TRY IT —
Leave every picture out and give back the lines below from the first through the line that holds "Подвеска Крестик с", exactly as written.

DATA —

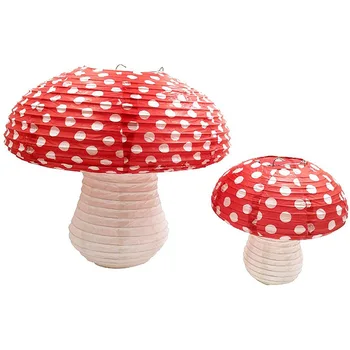 

3D Mushroom Shaped Hanging Paper Lanterns for Fairy Party Woodland Hoodwinked Baby Shower Birthday Room Nursery Decor 2 PCS (Dif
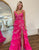 A Line Off the Shoulder Fuchsia Long Prom Dress with Appliques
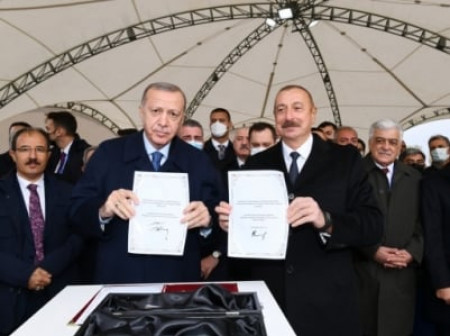 Ալիևն ու Էրդողանը մասնակցել են Արցախի օկուպացված տարածքներում Զանգեզուրի միջանցքի հիմնարկեքի արարողությանը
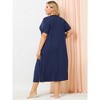 Agnes Orinda Women's Plus Size Cute Print Split Hem Soft Short Sleeve Crew Neck Midi Sleep Shirts Nightgowns with Pockets - 4 of 4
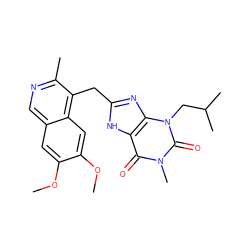 COc1cc2cnc(C)c(Cc3nc4c([nH]3)c(=O)n(C)c(=O)n4CC(C)C)c2cc1OC ZINC000028882073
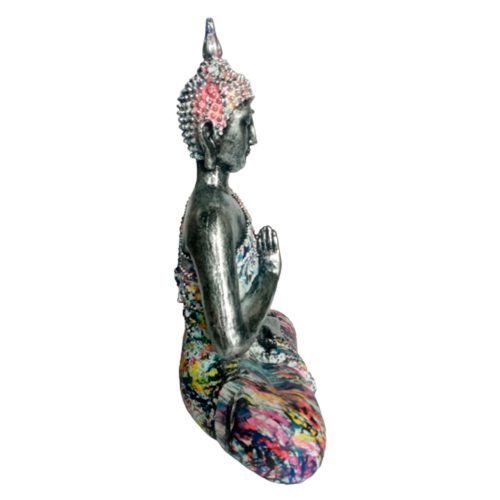 Buda plateado con traje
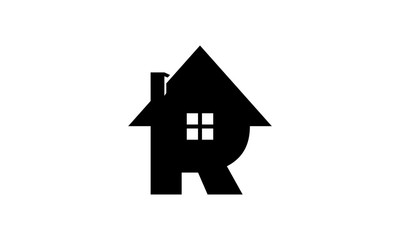 Abstract R with house illustration vector icon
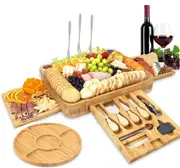 Unique Bamboo Cheese Board Knife Set - Housewarming, Wedding, Bridal Shower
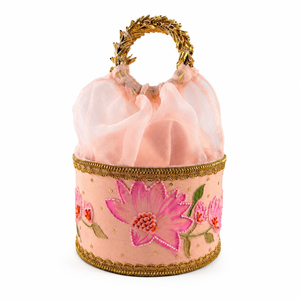 **Handmade Bridal <b>Wedding</b> <b>Gift</b> Basket Floral Embroidery Shagun Favor Decorative <b>Hamper</b> Basket Bag for Mehendi Haldi Ceremony Set - Product Image 1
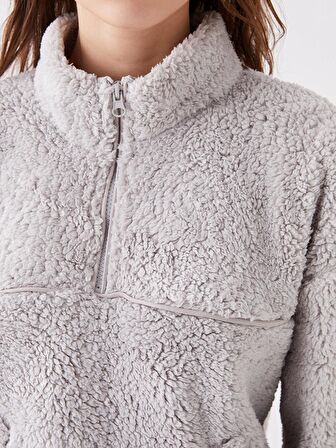 Dik Yaka Düz Uzun Kollu Kadın Sweatshirt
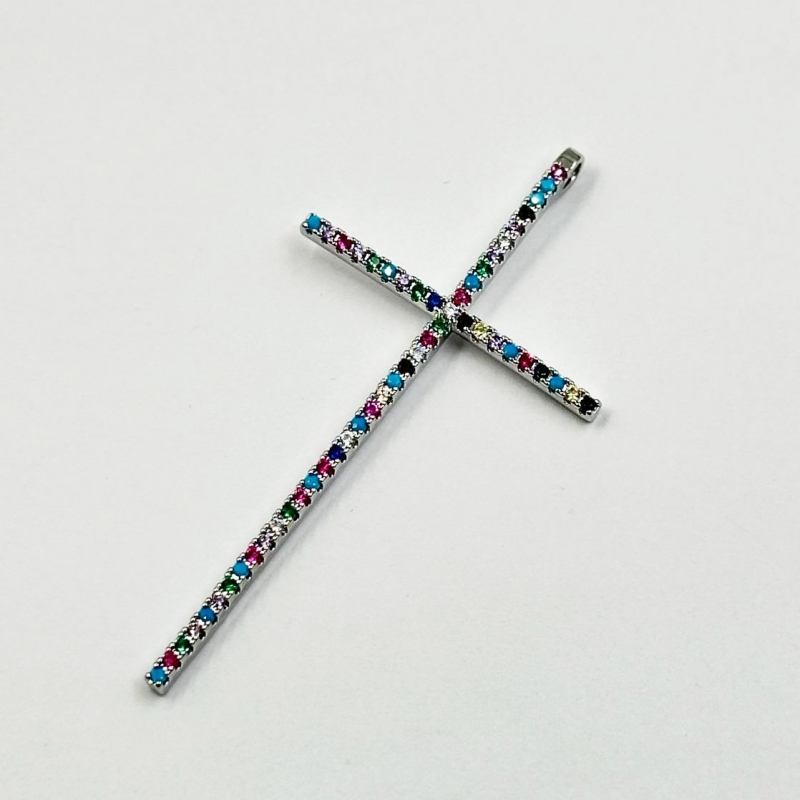 Подвеска Крестик с цветными фианитами размер 53*27мм цвет серебро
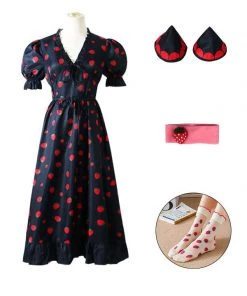 Hallowitch Costumes Anime Spy X Family Cosplay Anya Forger Strawberry Dress Costume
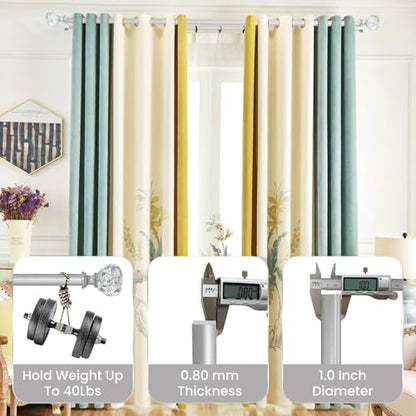 Silver Double Curtain Rod 48-84 Inch Heavy Duty Foil Resin Finial - color: Silver, size: 48-84"
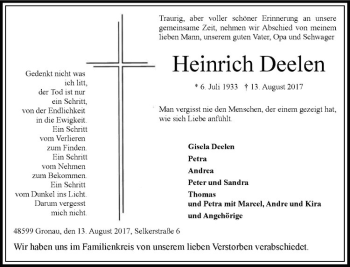 Anzeige von Heinrich Deelen von Westfälische Nachrichten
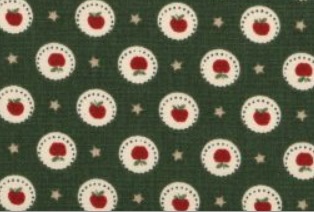 manzanas fondo verde tela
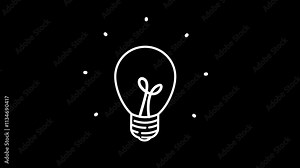 idea light bulb icon animated idea light icon 2d cartoon green screen 4k looping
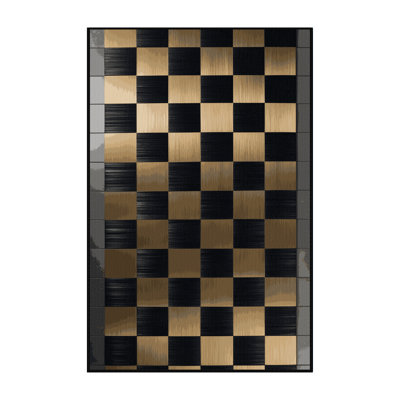 Machine Washable Checkered Black Area Rug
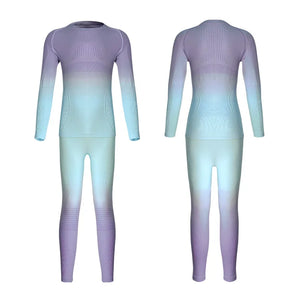 Kids' Gradient Pink & Blue Long Sleeve Thermal Base Layer Set, Badminton Activewear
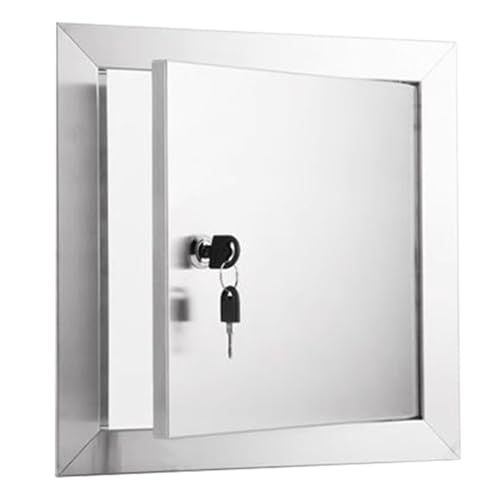 ZIMGOD Trampilla Pladur Puerta de Acceso con Cerradura de 15x15 20x20 30x30 40x40 50x50 60x60 cm, Panel de Revestimiento Metálico para Techo de Pladur, Trampilla de Inspección(25x25cm (10x10in))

SOLUTION TO THIS PROBLEM —
3D Mushroom Shaped Hanging Paper Lanterns for Fairy Party Woodland Hoodwinked Baby Shower Birthday Room Nursery Decor 2 PCS (Dif
 A Line Off the Shoulder Fuchsia Long Prom Dress with Appliques
 Ալիևն ու Էրդողանը մասնակցել են Արցախի օկուպացված տարածքներում Զանգեզուրի միջանցքի հիմնարկեքի արարողությանը
 Agnes Orinda Women's Plus Size Cute Print Split Hem Soft Short Sleeve Crew Neck Midi Sleep Shirts Nightgowns with Pockets - 4 of 4
 COc1cc2cnc(C)c(Cc3nc4c([nH]3)c(=O)n(C)c(=O)n4CC(C)C)c2cc1OC ZINC000028882073
 Buda plateado con traje
 Abstract R with house illustration vector icon
 Unique Bamboo Cheese Board Knife Set - Housewarming, Wedding, Bridal Shower
 **Handmade Bridal <b>Wedding</b> <b>Gift</b> Basket Floral Embroidery Shagun Favor Decorative <b>Hamper</b> Basket Bag for Mehendi Haldi Ceremony Set - Product Image 1
 Dik Yaka Düz Uzun Kollu Kadın Sweatshirt
 Подвеска Крестик с цветными фианитами размер 53*27мм цвет серебро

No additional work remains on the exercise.